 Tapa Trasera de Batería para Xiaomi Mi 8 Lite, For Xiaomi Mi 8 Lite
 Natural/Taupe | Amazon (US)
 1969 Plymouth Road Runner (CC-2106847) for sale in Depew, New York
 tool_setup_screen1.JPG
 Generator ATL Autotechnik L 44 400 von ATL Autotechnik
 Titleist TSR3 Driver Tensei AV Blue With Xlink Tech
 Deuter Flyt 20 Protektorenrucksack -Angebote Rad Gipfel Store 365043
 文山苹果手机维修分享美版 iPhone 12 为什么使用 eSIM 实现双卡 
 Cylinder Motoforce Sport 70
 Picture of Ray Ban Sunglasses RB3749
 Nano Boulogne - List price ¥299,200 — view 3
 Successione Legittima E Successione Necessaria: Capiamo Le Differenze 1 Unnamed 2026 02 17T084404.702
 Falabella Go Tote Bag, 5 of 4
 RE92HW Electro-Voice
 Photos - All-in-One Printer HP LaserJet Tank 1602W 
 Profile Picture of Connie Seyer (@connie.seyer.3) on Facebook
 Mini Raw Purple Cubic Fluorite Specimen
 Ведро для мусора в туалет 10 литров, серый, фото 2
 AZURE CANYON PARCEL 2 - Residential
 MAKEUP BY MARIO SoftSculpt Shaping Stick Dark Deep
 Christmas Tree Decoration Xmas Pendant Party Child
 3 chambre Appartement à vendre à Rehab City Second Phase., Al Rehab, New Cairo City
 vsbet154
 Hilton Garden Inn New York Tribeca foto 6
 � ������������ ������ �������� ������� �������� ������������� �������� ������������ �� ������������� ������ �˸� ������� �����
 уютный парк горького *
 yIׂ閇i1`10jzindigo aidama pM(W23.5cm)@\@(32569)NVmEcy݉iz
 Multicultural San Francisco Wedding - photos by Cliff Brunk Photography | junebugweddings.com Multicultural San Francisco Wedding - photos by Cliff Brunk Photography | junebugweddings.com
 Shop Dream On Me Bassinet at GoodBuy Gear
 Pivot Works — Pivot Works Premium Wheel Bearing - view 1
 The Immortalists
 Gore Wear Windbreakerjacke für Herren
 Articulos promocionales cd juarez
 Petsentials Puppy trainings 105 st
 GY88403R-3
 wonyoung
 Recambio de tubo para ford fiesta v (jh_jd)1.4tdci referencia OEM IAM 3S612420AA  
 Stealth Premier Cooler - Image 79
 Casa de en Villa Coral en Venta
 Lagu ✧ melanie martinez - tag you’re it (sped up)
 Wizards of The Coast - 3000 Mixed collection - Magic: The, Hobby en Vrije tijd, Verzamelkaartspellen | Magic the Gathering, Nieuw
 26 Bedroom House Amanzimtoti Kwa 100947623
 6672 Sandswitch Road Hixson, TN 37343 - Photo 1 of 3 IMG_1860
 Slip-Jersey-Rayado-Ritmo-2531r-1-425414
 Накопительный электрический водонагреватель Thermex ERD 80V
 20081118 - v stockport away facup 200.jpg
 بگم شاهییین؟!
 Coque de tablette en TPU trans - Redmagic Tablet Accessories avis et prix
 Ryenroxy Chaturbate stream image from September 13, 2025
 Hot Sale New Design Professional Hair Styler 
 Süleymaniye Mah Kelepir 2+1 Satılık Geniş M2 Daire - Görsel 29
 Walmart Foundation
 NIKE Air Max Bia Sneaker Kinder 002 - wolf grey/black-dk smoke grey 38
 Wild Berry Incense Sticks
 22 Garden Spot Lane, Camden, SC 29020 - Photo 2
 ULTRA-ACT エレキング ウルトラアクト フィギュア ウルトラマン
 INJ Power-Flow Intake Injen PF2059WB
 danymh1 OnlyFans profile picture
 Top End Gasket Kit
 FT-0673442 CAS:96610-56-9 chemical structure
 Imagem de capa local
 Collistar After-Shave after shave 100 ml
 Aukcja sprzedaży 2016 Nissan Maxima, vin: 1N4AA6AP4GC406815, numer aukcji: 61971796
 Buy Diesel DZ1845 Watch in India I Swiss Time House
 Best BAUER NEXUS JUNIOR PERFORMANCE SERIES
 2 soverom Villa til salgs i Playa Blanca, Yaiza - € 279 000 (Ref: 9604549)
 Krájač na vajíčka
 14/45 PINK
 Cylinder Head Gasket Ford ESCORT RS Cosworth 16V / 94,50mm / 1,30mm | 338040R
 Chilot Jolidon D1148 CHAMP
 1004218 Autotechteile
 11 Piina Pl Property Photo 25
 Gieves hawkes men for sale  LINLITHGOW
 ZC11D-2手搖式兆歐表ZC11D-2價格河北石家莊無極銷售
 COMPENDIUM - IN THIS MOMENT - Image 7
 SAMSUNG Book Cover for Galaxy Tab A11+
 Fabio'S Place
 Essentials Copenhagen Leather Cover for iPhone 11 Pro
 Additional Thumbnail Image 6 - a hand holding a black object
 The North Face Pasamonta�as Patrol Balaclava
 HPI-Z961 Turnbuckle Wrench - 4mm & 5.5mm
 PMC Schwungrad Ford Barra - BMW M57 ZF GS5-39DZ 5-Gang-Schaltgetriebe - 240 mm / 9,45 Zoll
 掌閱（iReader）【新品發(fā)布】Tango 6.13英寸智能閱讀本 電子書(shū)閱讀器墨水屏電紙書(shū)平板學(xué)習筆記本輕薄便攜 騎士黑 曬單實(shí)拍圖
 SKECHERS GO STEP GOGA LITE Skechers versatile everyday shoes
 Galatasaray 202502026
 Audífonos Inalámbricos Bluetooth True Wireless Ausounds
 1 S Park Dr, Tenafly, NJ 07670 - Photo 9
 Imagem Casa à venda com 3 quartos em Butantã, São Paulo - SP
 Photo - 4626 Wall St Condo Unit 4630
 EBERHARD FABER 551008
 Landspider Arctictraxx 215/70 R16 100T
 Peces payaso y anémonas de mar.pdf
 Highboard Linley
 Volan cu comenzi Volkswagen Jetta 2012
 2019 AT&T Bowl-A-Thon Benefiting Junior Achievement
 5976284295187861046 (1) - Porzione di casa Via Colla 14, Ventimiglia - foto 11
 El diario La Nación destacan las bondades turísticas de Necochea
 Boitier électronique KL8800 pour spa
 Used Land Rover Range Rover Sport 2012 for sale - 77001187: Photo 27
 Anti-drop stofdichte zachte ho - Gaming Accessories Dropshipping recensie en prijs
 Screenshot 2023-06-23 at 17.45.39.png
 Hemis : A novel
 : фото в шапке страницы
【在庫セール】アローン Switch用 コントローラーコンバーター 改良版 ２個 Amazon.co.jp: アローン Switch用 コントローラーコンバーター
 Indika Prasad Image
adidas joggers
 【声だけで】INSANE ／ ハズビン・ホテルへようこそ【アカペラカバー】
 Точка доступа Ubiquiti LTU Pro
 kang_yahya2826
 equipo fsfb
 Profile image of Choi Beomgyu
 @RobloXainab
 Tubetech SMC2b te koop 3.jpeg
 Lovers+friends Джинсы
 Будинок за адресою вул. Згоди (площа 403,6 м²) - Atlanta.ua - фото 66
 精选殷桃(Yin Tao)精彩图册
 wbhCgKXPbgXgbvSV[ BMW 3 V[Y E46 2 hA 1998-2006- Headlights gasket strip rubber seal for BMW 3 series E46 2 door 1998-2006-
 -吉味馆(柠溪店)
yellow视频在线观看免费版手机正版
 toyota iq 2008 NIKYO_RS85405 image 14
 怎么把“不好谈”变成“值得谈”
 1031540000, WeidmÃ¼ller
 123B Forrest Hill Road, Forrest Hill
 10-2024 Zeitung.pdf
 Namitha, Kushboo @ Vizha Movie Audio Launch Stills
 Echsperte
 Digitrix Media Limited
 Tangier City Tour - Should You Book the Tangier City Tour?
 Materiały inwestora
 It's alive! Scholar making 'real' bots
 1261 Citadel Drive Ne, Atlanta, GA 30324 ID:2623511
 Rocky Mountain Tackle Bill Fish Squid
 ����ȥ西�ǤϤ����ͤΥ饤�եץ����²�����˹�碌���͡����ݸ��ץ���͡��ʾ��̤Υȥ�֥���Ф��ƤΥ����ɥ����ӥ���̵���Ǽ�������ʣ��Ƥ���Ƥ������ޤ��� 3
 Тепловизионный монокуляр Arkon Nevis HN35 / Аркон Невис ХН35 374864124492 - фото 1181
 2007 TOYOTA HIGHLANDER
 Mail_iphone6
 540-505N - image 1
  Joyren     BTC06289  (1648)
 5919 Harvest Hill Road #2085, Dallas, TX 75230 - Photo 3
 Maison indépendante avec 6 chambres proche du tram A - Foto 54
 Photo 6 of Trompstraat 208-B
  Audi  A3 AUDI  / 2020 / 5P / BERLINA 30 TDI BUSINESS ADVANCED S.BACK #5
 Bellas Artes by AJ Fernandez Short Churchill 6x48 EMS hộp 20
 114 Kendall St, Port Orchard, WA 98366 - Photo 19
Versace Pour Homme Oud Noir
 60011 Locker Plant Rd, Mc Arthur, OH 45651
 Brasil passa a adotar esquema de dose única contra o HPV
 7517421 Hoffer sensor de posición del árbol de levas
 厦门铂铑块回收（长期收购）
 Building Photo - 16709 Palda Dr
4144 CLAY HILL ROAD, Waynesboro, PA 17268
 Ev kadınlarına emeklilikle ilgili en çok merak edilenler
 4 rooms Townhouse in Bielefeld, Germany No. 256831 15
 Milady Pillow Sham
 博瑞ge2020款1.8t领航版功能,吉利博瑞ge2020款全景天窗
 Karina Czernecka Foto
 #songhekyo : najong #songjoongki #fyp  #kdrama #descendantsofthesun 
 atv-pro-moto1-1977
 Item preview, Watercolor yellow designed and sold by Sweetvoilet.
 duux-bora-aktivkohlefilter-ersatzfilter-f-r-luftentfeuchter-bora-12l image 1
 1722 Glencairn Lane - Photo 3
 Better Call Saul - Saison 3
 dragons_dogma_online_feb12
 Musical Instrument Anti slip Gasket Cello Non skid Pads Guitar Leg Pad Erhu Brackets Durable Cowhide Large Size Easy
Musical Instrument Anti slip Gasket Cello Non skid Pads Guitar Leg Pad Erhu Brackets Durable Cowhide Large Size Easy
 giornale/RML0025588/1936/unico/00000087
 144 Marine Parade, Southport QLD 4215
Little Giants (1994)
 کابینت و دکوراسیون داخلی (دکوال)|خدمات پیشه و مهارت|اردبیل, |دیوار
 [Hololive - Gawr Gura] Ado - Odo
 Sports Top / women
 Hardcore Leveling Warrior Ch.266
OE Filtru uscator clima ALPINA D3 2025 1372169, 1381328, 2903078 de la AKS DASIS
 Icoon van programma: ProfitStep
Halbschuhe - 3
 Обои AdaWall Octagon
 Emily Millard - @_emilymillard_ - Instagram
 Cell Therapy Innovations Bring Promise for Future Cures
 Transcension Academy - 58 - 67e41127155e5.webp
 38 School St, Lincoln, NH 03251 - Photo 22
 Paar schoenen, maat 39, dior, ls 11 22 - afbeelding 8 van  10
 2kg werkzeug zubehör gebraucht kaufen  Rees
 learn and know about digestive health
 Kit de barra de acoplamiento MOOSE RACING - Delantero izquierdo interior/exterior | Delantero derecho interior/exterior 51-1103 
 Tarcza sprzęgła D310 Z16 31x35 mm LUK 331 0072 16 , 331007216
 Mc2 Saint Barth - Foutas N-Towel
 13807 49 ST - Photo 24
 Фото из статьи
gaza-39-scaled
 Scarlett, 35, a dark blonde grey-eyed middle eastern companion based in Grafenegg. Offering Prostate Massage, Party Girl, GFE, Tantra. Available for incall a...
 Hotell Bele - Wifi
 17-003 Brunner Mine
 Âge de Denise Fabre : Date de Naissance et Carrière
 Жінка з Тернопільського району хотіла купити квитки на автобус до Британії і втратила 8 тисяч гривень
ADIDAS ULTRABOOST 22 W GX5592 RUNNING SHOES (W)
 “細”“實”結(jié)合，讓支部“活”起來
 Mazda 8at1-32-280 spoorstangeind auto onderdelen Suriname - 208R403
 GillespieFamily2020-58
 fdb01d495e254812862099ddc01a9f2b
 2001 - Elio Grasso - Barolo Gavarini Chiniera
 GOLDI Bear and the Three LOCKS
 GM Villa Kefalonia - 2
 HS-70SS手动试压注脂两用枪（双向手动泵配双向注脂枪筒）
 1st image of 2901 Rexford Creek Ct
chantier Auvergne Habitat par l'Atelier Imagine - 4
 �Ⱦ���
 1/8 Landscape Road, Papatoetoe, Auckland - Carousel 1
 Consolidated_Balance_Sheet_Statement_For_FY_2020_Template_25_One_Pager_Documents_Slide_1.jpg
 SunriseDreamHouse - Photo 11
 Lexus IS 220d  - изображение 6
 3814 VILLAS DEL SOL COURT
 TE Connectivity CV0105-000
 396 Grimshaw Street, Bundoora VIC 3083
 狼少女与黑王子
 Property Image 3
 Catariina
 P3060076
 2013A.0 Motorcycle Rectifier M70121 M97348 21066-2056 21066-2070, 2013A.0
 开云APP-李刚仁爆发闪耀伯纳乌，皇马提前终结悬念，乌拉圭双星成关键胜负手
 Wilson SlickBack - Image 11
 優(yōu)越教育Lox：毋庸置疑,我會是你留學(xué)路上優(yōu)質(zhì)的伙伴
--- --- ---
Every line in the material above that has the word "City" should be copied.

 3 chambre Appartement à vendre à Rehab City Second Phase., Al Rehab, New Cairo City
 Tangier City Tour - Should You Book the Tangier City Tour?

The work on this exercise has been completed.